※全国保険医団体連合会では、下記の声明を発表し、東京五輪・パラリンピック大会組織委員会及びマスコミ各社に送付いたしました。(PDF版はこちら[PDF:170KB]

【談話】「随時改定T」の実施にあたり
金パラ「逆ザヤ」解消と価格改定のさらなる透明化を求める

2021年1月27日
全国保険医団体連合会
社保・審査対策部
歯科部長 新井 良一

 

 中医協総会は1月27日、4月の「随時改定T」実施を確認し、歯科用貴金属の告示価格を改定することとした。4月以降、金パラ1グラムの告示価格は2,668円となり、現行の2,450円から218円(8.9%)の引き上げとなる。
 当会の実勢価格調査「金パラ『逆ザヤ』シミュレータ」(以下「シミュレータ」)では、昨年7月以降金パラ実勢価格は高止まりしつつ緩やかに上昇し、最近の30グラムの購入価格平均は85,000円前後で推移している。
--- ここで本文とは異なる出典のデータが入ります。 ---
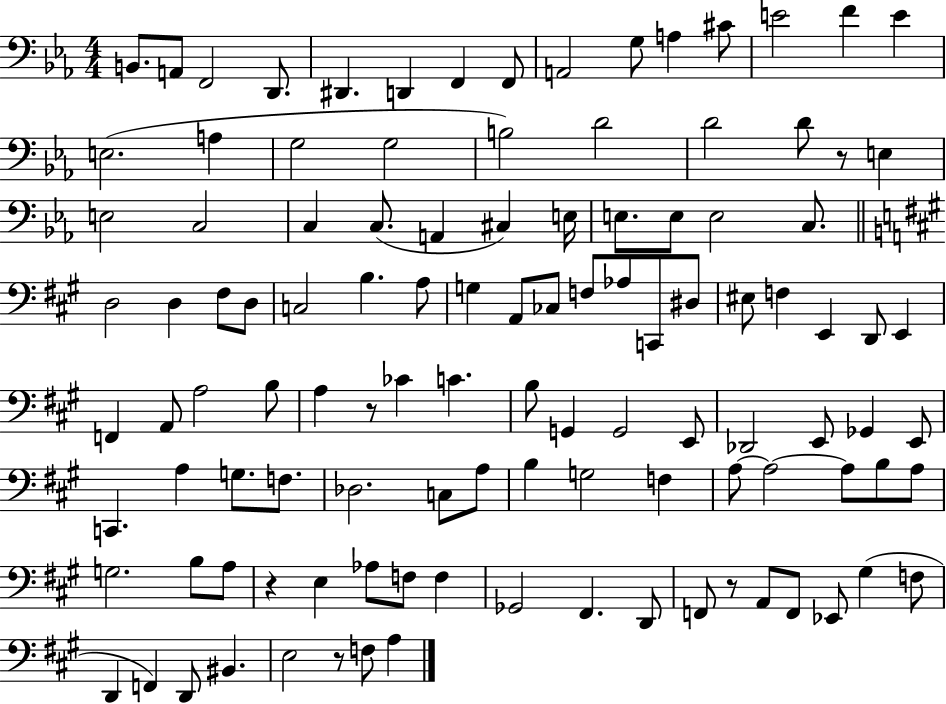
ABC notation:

X:1
T:Untitled
M:4/4
L:1/4
K:Eb
B,,/2 A,,/2 F,,2 D,,/2 ^D,, D,, F,, F,,/2 A,,2 G,/2 A, ^C/2 E2 F E E,2 A, G,2 G,2 B,2 D2 D2 D/2 z/2 E, E,2 C,2 C, C,/2 A,, ^C, E,/4 E,/2 E,/2 E,2 C,/2 D,2 D, ^F,/2 D,/2 C,2 B, A,/2 G, A,,/2 _C,/2 F,/2 _A,/2 C,,/2 ^D,/2 ^E,/2 F, E,, D,,/2 E,, F,, A,,/2 A,2 B,/2 A, z/2 _C C B,/2 G,, G,,2 E,,/2 _D,,2 E,,/2 _G,, E,,/2 C,, A, G,/2 F,/2 _D,2 C,/2 A,/2 B, G,2 F, A,/2 A,2 A,/2 B,/2 A,/2 G,2 B,/2 A,/2 z E, _A,/2 F,/2 F, _G,,2 ^F,, D,,/2 F,,/2 z/2 A,,/2 F,,/2 _E,,/2 ^G, F,/2 D,, F,, D,,/2 ^B,, E,2 z/2 F,/2 A,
改定後の金パラ30グラムあたりの告示価格は80,040円であり、現在の「逆ザヤ」を解消するには程遠い改定である。
 2020年を振り返ると、4月の基準材料価格改定、7月の「随時改定U」、10月の「随時改定T」と1年間で3回の金パラ価格改定が行われた。しかし、「シミュレータ」の購入価格平均では、新設の「随時改定U」が実施された7月に実勢価格と告示価格の乖離がほぼ解消されただけであり、基本的に一貫して「逆ザヤ」が継続している。年3回もの改定を行いながら、ほぼ年間を通じて歯科医療機関に「逆ザヤ」負担を負わせていることは、「随時改定」が金属材料価格と合金の市場価格変動にほとんど対応できていない証左であり、「随時改定U」も価格急変時に「逆ザヤ」の影響を多少緩和するだけの弥縫策に過ぎなかったことを早々に浮き彫りにしている。
 また、1月13日の中医協では、14カラット金合金の価格計算に誤りがあり、遡及して価格を訂正することとされた。歯科医師は金パラ「逆ザヤ」の負担の中で、金属材料価格の決定根拠やプロセスへの強い疑念を抱いており、今回の不備は金パラを含めた歯科用貴金属の価格決定への不信感を一層強めている。中医協に提出された資料では、従来示されていなかった平均素材価格の値が公表されており改善は見られる。しかし、肝心の市場実勢価格データである特定保険医療材料価格調査が非公開であり、金属価格決定の不透明さは依然として残っている。
 当会は今次の「随時改定T」の決定にあたり、特定保険医療材料価格調査の結果公表を含めさらなる透明化を求めるとともに、現に生じている「逆ザヤ」を解消する喫緊の手立てを講じること、告示価格と市場実勢価格の乖離の実態を厚労省の責任で検証し、抜本的な制度改善の検討を始めることを求めるものである。